What you should do
Only one stretch of the records below should be repeated. It starts with the line containing "Toyota Land Cruiser 2018 AT for sale-2" and goes on through the line containing "Flynn Slide Sandal (Women) | Nordstrom Rack", exactly as written.

Information shown
○ ○ ○ ○ ○ ○ ○
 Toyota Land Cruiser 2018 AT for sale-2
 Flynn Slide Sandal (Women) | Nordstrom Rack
○ ○ ○ ○ ○ ○ ○
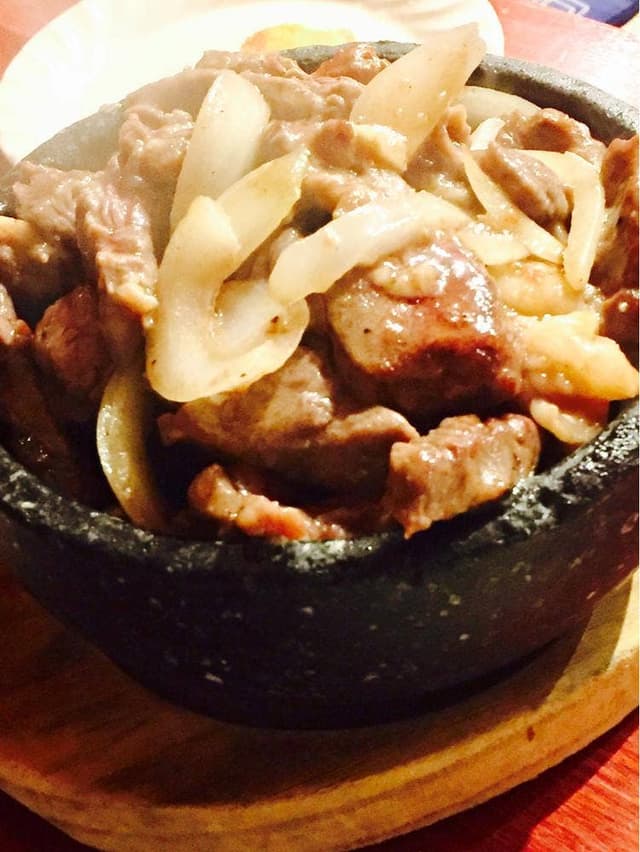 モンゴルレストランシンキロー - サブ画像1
○ ○ ○ ○ ○ ○ ○
Written reply
 Toyota Land Cruiser 2018 AT for sale-2
 Flynn Slide Sandal (Women) | Nordstrom Rack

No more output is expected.